◆ **What the task asks**
Transcribe the records word for word. Leave every picture out.

◆ **Supplied entries**
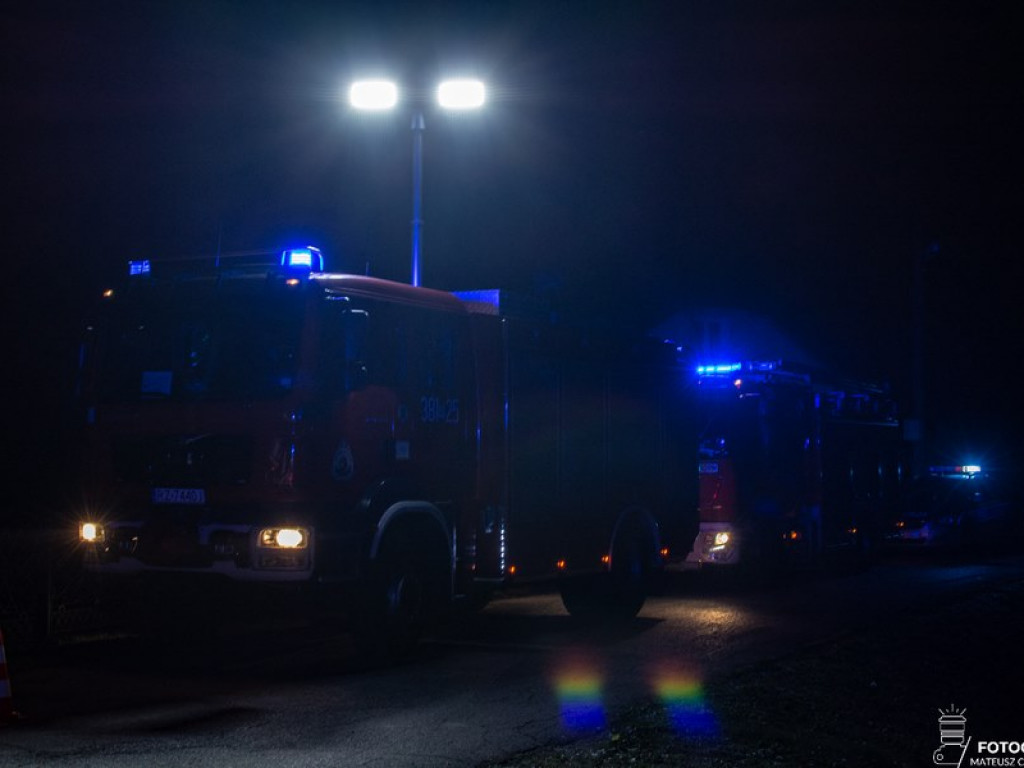 Nocne dachowanie w Siedleszczanach, gm. Baranów Sandomierski [zdjęcia]
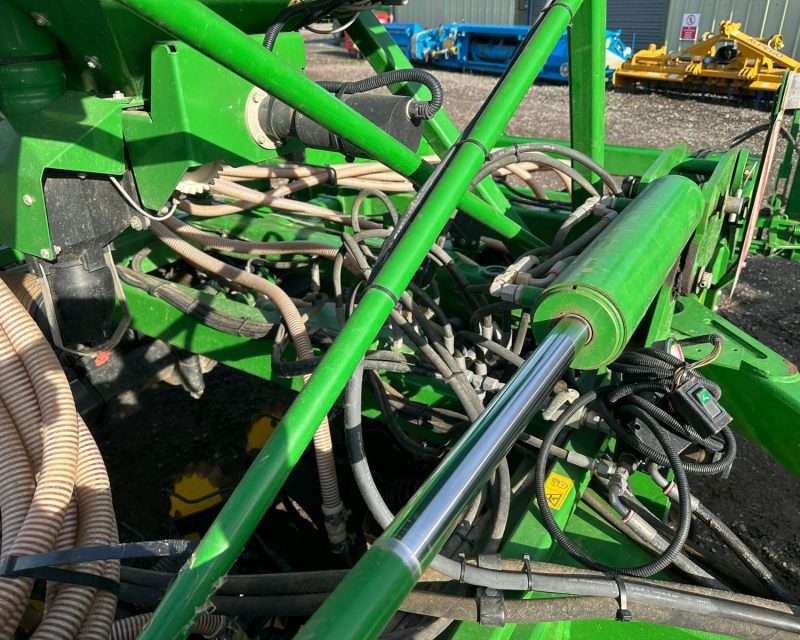 John Deere 750A 6m drill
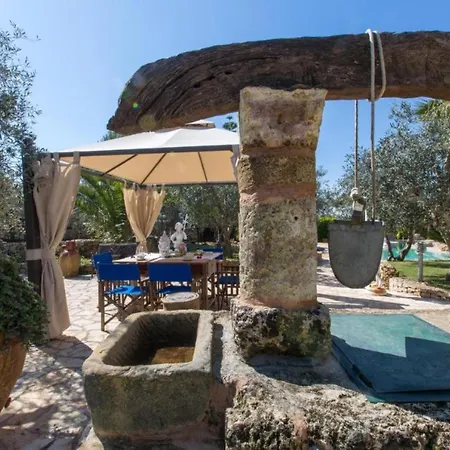 Tiziana Villa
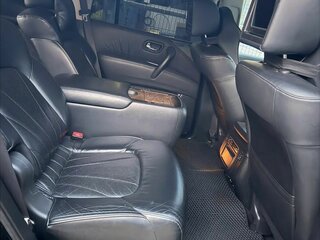 2010 Infiniti QX56 II, чёрный, 2000000 рублей, вид 3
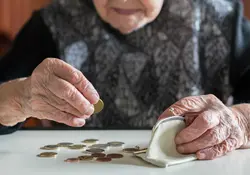 El Instituto Mexicano de Ejecutivos de Finanzas (IMEF) propuso una pensión universal para garantizar el bienestar en la edad de retiro. Foto: Cuartoscuro 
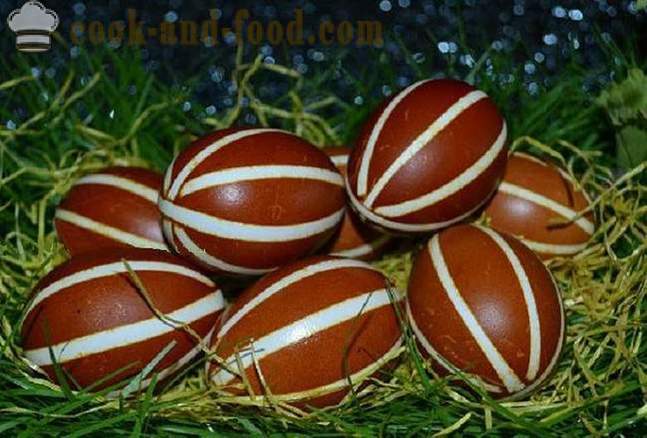 Ostereier mit Zwiebelschalen gefärbt - wie die Eier in Zwiebelschalen zu malen, einfache Möglichkeiten, von Ostern Malerei.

◆ **Solved exercise**
 Nocne dachowanie w Siedleszczanach, gm. Baranów Sandomierski [zdjęcia]
 John Deere 750A 6m drill
 Tiziana Villa
 2010 Infiniti QX56 II, чёрный, 2000000 рублей, вид 3
 El Instituto Mexicano de Ejecutivos de Finanzas (IMEF) propuso una pensión universal para garantizar el bienestar en la edad de retiro. Foto: Cuartoscuro 
 Ostereier mit Zwiebelschalen gefärbt - wie die Eier in Zwiebelschalen zu malen, einfache Möglichkeiten, von Ostern Malerei.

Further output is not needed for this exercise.